Data Programming in R (6 weeks @ 3 hrs per week)

The R programming language is widely used for the analysis of statistical data sets. This course introduces the language from a computer science perspective, covering topics such as basic data types (e.g. integers, numerics, characters, vectors, lists, matrices, and data frames), importing and manipulating data (in particular, vector and data-frame indexing), control flow (loops, conditionals, and functions), and good practices for producing readable, reusable, and efficient R code. We'll also explore functional programming concepts and the powerful data manipulation and visualization packages dplyr and tidyr, and ggplot2.

Recursion and Dynamic Programming (3 weeks @ 3 hrs per week)

This workshop explores and implements several problem-solving techniques that are related and particularly beautiful: recursion, (self-referential processes), dynamic programming (guided deconstruction of problems into subproblems), and induction (the mathematical proof technique). After some practice with basic recursive methods (the Fibonacci sequence and predator-prey recurrence relations), we'll cover variations of the sequence-alignment problem from multiple perspectives, including the local heuristic used by BLAST.

Topics covered along the way include memoization, dynamic programming, proofs by contradiction, and data structures like lists, hash tables, stacks, trees, and the call stack. Finally, we'll explore graphical modeling of plants with L-system fractals and if time allows other applications that utilize recursion and dynamic programming (e.g. Hidden Markov Models).



Genotyping By Sequencing (3 weeks @ 3 hrs per week)

This course covers the analysis of data generated by genotyping-by-sequencing (GBS), a restriction-enzyme approach allowing the deep sequencing of many individuals or samples at select regions of the genome. We'll cover potential applications of GBS (e.g. population-level analyses), processing GBS data with the Tassel, Uneak, and Stacks software, and interpretation of the results.


Metagenomics I (3 weeks @ 3 hrs per week)

 Description coming soon.

Metagenomics II (3 weeks @ 3 hrs per week)

 Description coming soon.


RNA-Seq I (3 weeks @ 3 hrs per week)

This first of a series on analyzing RNA-seq data covers the development of de-novo transcriptome assemblies. This includes data cleaning and preparation, comparing methods of assembly, filtering of contigs and assessing the quality of output. Other topics include variant detection and annotation.

RNA-Seq II (3 weeks @ 3 hrs per week)

This second in the series on analyzing RNA-seq data covers the analysis of differential expression. Topics include data preparation, read mapping, region identification and statistical analysis with R and Bioconductor.

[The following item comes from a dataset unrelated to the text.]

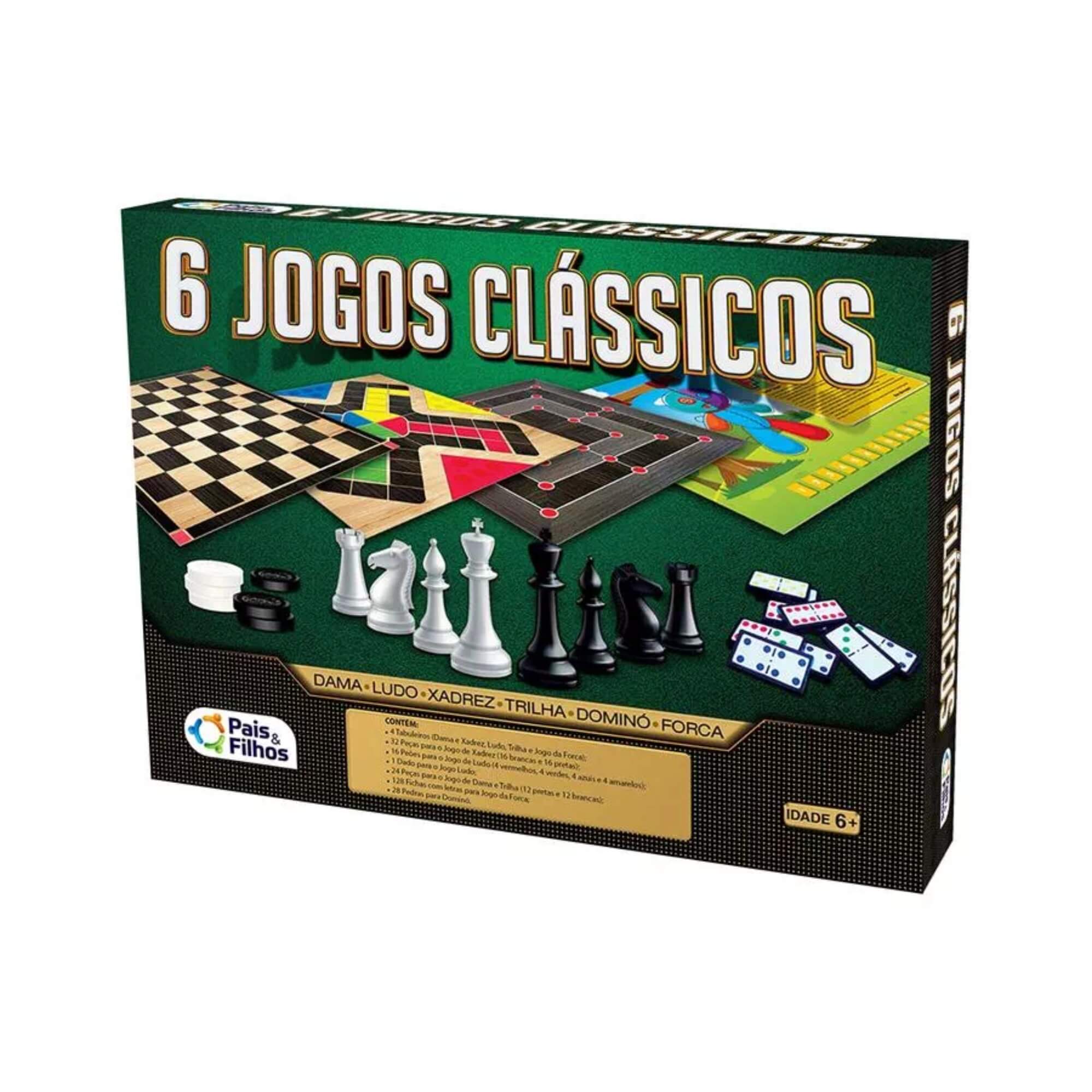 Jogos Clássicos 6 em 1 Dama, Xadrez, Ludo, Trilha, Forca e Dominó Pais e Filhos - 2759-1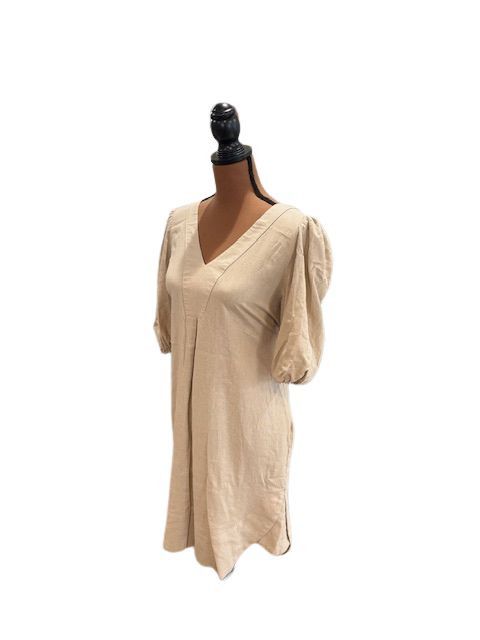 Cynthia Rowley Linen Mini Dress with ¾ Puff Balloon Sleeves in Beige Size L / US 10 / IT 46 - 3 Thumbnail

Conservation Genomics (3 weeks @ 3 hrs per week)

The main focus of the workshop is on natural populations, especially those that are endangered; but anyone who needs to draw inferences to solve broader research questions (parentage, phenotypic plasticity, using GBS markers to detect and mesure selection, basic and advanced phylogenomics, comparative genomic analyses, host specificity and disease adaptation) can benefit.